Friday, December 12, 2025

“On the Calculation of Volume: Vol. I” by Solvej Balle (translated by Barbara Haveland)

This is the first novel in a seven volume collection by Balle. The conceit, in a nutshell, is simple, “He is waiting for me. My name is Tara Selter. I am sitting in the back room overlooking the garden and a woodpile. It is the eighteenth of November. Every night when I lie down to sleep in the bed in the guest room it is the eighteenth of November and every morning, when I wake up, it is the eighteenth of November. I no longer expect to wake up to the nineteenth of November and I no longer remember the seventeenth of November as if it were yesterday.”

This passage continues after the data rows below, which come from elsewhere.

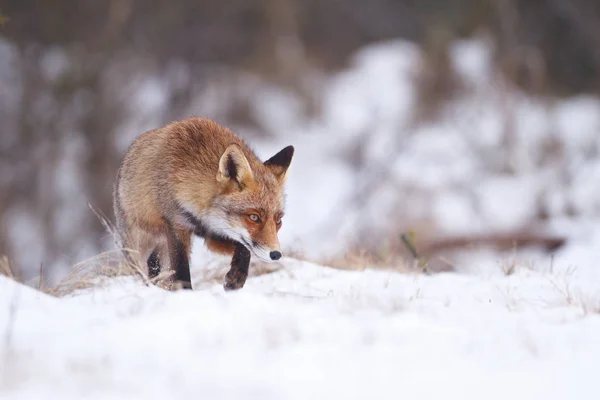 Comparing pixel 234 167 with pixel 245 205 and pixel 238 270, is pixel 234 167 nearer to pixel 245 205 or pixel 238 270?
pixel 245 205

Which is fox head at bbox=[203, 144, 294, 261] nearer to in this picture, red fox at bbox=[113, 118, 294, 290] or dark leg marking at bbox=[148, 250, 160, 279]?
red fox at bbox=[113, 118, 294, 290]

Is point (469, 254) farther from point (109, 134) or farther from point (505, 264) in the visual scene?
point (109, 134)

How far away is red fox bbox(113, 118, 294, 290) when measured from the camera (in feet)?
14.5

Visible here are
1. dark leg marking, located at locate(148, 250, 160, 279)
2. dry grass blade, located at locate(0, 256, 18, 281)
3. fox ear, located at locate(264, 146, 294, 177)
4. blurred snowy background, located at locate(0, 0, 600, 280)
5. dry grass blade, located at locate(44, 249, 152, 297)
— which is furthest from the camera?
blurred snowy background, located at locate(0, 0, 600, 280)

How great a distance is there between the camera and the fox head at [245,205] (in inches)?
171

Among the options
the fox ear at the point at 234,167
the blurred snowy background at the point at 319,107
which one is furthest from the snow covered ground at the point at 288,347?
the blurred snowy background at the point at 319,107

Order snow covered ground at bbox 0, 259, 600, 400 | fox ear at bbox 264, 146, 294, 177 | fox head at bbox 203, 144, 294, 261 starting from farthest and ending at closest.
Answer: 1. fox ear at bbox 264, 146, 294, 177
2. fox head at bbox 203, 144, 294, 261
3. snow covered ground at bbox 0, 259, 600, 400

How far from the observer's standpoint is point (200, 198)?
457cm

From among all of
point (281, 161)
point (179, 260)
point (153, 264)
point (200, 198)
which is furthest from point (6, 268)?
point (281, 161)

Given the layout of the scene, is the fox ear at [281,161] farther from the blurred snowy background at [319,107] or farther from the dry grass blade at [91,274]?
the blurred snowy background at [319,107]

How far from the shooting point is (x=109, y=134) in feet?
53.1

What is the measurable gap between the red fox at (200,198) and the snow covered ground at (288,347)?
60 cm

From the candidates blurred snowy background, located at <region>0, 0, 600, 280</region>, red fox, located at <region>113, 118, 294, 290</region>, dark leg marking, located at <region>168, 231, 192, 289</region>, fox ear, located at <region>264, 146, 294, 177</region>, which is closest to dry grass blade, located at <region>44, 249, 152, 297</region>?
red fox, located at <region>113, 118, 294, 290</region>

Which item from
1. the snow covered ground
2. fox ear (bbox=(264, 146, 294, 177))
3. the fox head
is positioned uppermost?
fox ear (bbox=(264, 146, 294, 177)) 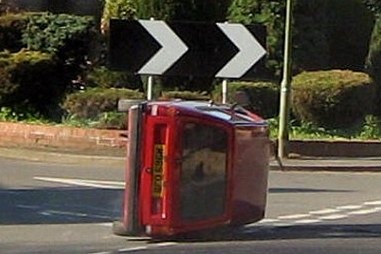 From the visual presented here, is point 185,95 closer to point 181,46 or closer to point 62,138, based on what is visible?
point 62,138

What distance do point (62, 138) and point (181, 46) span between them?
1006 centimetres

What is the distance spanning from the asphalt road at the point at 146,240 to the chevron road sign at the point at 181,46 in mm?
1851

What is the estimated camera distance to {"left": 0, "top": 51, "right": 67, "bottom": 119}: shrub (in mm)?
26391

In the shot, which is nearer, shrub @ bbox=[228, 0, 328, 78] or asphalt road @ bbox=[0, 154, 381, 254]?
asphalt road @ bbox=[0, 154, 381, 254]

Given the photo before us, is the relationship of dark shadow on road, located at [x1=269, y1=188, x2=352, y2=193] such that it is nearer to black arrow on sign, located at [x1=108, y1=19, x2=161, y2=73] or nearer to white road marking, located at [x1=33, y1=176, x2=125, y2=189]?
white road marking, located at [x1=33, y1=176, x2=125, y2=189]

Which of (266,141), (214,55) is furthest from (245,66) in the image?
(266,141)

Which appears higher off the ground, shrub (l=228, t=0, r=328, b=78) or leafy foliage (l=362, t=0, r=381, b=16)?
leafy foliage (l=362, t=0, r=381, b=16)

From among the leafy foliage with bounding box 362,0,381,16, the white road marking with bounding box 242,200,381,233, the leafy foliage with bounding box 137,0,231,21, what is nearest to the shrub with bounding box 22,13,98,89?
the leafy foliage with bounding box 137,0,231,21

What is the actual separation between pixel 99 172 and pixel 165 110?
29.5ft

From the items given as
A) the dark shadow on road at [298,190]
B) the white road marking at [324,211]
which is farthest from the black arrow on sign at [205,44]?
the dark shadow on road at [298,190]

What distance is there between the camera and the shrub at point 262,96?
26.2 m

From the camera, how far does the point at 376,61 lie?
1127 inches

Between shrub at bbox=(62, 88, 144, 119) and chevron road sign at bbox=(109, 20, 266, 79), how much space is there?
22.0 ft

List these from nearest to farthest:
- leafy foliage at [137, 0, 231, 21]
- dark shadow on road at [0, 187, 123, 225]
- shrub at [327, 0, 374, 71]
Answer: dark shadow on road at [0, 187, 123, 225] → leafy foliage at [137, 0, 231, 21] → shrub at [327, 0, 374, 71] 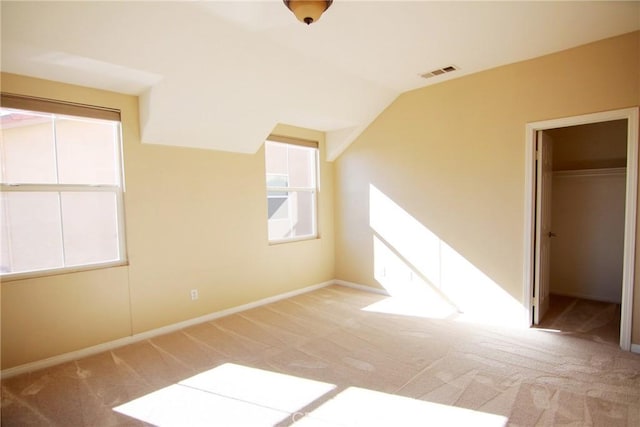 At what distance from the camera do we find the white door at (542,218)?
348 cm

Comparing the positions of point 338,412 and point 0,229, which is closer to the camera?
point 338,412

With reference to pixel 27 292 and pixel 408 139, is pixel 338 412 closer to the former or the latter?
pixel 27 292

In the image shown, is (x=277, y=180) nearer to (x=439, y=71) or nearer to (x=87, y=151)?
(x=87, y=151)

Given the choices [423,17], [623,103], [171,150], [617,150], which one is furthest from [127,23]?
[617,150]

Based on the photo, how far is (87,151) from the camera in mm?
3113

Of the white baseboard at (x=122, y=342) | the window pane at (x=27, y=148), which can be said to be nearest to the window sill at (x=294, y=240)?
the white baseboard at (x=122, y=342)

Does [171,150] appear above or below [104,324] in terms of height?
above

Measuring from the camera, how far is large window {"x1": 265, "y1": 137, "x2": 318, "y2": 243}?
15.4 feet

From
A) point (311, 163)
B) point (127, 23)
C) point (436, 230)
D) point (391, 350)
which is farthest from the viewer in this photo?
Result: point (311, 163)

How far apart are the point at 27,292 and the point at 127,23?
2329 mm

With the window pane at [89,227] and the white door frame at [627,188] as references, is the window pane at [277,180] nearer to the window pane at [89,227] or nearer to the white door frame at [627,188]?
the window pane at [89,227]

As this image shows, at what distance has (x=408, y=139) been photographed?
4.43 m

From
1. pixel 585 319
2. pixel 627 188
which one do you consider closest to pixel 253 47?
pixel 627 188

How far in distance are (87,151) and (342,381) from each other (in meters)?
3.10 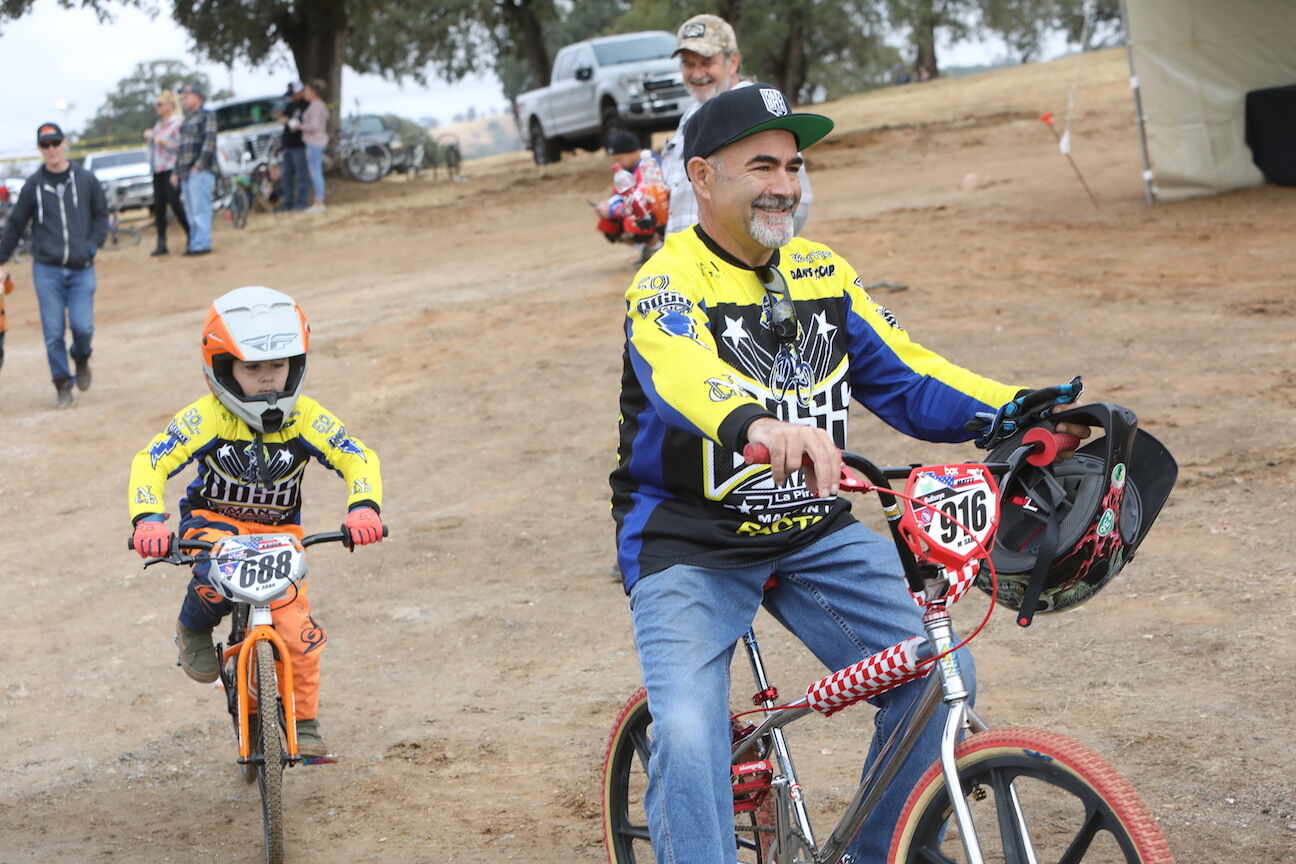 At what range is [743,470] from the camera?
11.3 feet

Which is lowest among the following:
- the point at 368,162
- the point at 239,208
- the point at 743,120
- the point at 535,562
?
the point at 535,562

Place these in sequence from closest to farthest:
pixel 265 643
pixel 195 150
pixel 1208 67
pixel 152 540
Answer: pixel 152 540
pixel 265 643
pixel 1208 67
pixel 195 150

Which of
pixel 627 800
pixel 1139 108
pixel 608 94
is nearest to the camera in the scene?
pixel 627 800

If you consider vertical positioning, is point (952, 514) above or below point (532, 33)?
below

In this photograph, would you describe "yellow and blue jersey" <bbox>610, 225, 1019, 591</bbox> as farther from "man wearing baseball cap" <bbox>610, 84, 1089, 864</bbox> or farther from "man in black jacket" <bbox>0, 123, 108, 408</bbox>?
Answer: "man in black jacket" <bbox>0, 123, 108, 408</bbox>

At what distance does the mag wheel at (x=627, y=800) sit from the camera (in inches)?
150

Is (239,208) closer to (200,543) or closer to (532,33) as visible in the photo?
(532,33)

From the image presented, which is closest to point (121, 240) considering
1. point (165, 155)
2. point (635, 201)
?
point (165, 155)

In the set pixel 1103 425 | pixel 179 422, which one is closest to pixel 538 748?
pixel 179 422

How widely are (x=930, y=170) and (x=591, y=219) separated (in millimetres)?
5271

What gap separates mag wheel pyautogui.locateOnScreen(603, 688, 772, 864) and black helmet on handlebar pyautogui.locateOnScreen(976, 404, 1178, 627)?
1016mm

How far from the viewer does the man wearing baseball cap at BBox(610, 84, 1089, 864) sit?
3.31 meters

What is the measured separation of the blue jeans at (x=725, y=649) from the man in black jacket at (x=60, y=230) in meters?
10.5

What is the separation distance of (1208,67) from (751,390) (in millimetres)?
15094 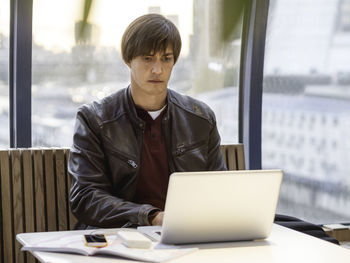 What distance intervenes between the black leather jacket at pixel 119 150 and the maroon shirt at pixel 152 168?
34mm

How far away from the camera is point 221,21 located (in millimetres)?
4254

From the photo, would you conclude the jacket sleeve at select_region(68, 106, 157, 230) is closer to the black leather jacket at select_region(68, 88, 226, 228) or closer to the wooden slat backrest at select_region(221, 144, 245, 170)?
the black leather jacket at select_region(68, 88, 226, 228)

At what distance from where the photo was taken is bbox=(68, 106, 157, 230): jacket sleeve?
2.43 m

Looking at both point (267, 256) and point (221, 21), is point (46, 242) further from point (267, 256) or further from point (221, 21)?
point (221, 21)

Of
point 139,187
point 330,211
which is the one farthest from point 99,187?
point 330,211

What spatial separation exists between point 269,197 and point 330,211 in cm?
283

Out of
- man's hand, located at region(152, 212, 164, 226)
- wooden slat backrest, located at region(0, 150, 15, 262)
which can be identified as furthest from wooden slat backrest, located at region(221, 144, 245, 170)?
man's hand, located at region(152, 212, 164, 226)

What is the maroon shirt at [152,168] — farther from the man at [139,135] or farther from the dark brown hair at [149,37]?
the dark brown hair at [149,37]

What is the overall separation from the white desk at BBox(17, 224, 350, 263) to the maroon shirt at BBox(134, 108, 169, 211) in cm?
79

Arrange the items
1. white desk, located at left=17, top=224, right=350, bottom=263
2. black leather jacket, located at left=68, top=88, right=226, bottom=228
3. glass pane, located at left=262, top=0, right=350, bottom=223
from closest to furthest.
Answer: white desk, located at left=17, top=224, right=350, bottom=263
black leather jacket, located at left=68, top=88, right=226, bottom=228
glass pane, located at left=262, top=0, right=350, bottom=223

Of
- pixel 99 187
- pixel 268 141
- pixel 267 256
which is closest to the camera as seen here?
pixel 267 256

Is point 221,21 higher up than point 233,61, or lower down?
higher up

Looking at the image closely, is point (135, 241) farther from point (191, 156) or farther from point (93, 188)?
point (191, 156)

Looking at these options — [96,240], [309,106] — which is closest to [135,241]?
[96,240] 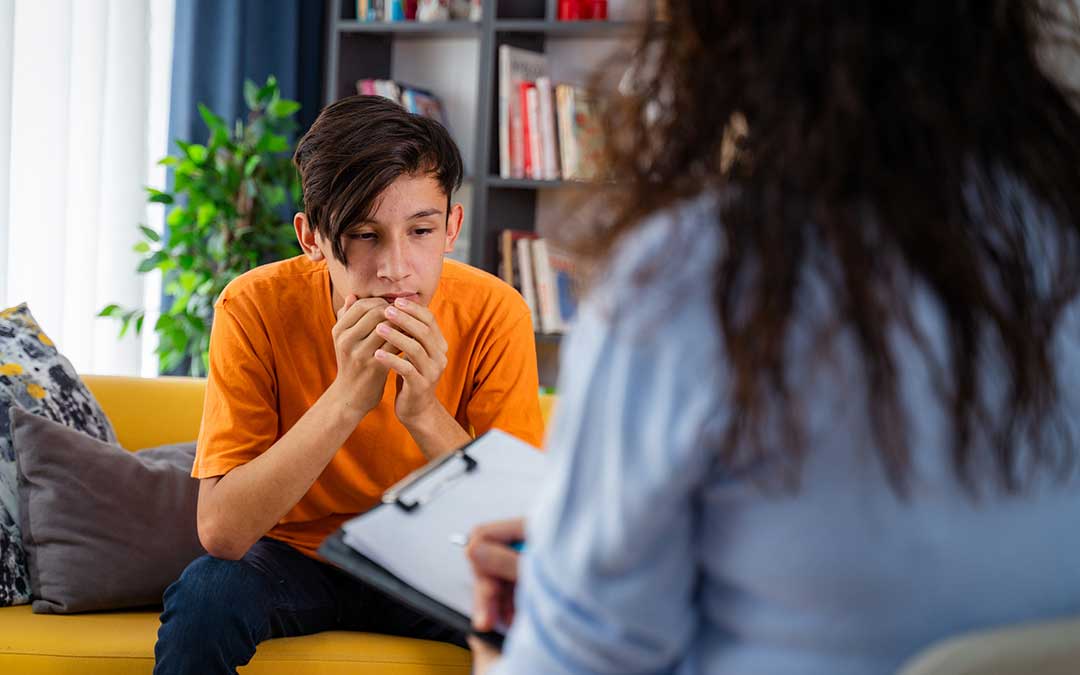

Tara’s husband, Thomas, is not living through whatever it is that she is. “We were living in two different times. That was all. Two times that had flooded their banks. At a place where rivers meet and converge, a kind of temporal Mesopotamia where the Euphrates and the Tigris are merely two different names for water. We were doing fine in Mesopotamia.” But, inevitably, the day(s) start to wear on Selter’s psyche. “76 days was too many. The distance was too great. I stood in the kitchen with the notebook in my hand and knew that too many days had come between us…. I couldn’t carry on with our repetitions. The fog had lifted, the landscape stretched out clear and sharp before me and we were not waking to the same day.” Still, life, for both husband and wife, moves along, of sorts. “The distance is shortest at night. When Thomas is asleep there is only the ceiling between us, a thin line between two forms of time. I sit in a room that holds the world open and keeps the distance between us as short as possible. He calls the ceiling the floor. I call the floor the ceiling. But these are just words, not a distance but a line that keeps us connected.”